In the course of a week, Alberta’s political landscape changed dramatically. First, Premier Ed Stelmach announced he would not run in the next provincial election. Then David Swann, leader of the Alberta Liberal Party and leader of the Official Opposition, also announced his resignation. On the one side: a new party with a dynamic young leader is scoring high in the public opinion polls. On the other side: the two major parties in the legislature both face leadership races. And there may or may not be a new center option in the form of the Alberta Party. More than it has for decades, the political landscape appears open for major change – but what kind of change will it be?
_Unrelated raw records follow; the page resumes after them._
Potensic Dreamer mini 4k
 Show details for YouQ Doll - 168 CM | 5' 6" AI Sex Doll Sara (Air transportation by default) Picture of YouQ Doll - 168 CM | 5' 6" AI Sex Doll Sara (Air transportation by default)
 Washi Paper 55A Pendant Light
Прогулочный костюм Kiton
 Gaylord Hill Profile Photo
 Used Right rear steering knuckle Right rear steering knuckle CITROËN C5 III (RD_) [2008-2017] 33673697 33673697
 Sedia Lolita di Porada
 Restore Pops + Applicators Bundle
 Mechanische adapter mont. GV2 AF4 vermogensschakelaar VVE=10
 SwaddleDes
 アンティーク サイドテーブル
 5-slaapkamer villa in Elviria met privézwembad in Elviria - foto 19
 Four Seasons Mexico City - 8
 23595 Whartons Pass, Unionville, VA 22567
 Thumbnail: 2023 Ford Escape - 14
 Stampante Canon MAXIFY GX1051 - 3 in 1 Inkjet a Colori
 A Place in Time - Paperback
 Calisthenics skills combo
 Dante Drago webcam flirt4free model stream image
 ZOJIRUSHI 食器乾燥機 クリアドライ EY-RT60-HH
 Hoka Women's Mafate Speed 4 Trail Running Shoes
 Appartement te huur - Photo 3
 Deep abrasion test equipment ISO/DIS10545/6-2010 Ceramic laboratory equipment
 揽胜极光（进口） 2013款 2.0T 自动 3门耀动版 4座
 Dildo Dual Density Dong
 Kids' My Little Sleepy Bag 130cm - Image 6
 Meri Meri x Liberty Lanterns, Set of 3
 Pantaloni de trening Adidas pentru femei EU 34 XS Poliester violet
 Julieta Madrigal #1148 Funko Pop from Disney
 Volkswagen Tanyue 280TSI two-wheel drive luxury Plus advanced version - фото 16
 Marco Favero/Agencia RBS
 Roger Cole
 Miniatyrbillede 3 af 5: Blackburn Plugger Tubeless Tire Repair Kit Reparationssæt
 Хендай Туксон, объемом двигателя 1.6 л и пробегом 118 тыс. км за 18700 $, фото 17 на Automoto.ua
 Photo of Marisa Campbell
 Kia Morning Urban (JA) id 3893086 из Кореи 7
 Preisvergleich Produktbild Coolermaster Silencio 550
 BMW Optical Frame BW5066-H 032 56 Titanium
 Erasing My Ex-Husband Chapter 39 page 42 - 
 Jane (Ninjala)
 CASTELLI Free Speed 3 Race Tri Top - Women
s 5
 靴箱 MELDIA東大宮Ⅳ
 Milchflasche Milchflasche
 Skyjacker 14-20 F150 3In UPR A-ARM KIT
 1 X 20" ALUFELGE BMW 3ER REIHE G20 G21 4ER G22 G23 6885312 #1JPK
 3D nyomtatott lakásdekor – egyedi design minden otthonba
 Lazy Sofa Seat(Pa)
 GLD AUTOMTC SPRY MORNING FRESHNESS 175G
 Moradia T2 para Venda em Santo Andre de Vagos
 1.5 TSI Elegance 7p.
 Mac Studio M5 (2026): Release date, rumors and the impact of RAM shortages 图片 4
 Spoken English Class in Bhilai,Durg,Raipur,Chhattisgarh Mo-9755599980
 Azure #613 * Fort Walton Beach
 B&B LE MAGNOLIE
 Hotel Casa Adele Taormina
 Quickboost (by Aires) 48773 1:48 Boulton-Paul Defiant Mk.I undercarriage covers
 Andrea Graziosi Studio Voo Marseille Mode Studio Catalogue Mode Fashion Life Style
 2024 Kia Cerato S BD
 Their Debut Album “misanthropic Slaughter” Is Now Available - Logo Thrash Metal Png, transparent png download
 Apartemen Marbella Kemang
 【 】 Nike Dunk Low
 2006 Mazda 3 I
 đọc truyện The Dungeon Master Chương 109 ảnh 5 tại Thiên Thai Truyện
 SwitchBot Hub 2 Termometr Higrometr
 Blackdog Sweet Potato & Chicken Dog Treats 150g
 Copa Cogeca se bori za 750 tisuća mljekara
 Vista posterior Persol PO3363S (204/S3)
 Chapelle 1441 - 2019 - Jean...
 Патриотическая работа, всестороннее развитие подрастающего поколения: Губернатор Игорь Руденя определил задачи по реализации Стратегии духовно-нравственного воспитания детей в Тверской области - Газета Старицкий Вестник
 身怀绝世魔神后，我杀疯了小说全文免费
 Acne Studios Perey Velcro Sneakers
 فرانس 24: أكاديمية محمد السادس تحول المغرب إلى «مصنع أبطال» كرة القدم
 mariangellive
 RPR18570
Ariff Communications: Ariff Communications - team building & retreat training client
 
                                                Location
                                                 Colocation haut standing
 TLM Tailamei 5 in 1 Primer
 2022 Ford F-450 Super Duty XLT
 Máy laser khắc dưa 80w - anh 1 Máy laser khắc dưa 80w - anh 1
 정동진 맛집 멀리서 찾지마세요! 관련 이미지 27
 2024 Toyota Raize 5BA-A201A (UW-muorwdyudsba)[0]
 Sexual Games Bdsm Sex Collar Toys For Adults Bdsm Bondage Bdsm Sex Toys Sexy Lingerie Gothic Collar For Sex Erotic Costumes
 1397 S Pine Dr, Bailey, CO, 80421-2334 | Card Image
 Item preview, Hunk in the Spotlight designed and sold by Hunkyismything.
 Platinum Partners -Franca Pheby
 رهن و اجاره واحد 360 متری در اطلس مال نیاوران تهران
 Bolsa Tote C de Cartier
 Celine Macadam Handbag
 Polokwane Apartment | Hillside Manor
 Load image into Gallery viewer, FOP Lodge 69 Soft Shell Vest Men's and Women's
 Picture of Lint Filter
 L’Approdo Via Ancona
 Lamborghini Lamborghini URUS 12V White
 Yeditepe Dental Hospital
The speaker will argue that the door is now open for a new kind of politics to emerge, a politics that reflects the demands and the priorities and the style of a new generation. In 1971, Peter Lougheed’s surprise win marked the political arrival of the “Baby Boomer” generation – but the first baby boomers turned 65 in January. The last generational shift obliterated the long-lived Social Credit party; what will the next one look like? After the upcoming leadership races and the provincial election that will probably follow in 2012, there will be new faces wall to wall – and the odds are they will be younger faces. The critical question, the one that will drive our politics for the next decades, is how the parties – the old ones, and the new ones just emerged or trying to emerge – will cope with this new reality.
Speaker: Peter McCormick
Dr. Peter McCormick is Professor and Chair of the Political Science Department at the University of Lethbridge, where he teaches Canadian Government and Politics and Constitutional Law. He holds degrees from the University of Alberta (BA 68), the University of Toronto (MA 69) and the London School of Economics (PhD 74). Dr. McCormick is heard regularly on CBC radio and is often quoted in the national news media.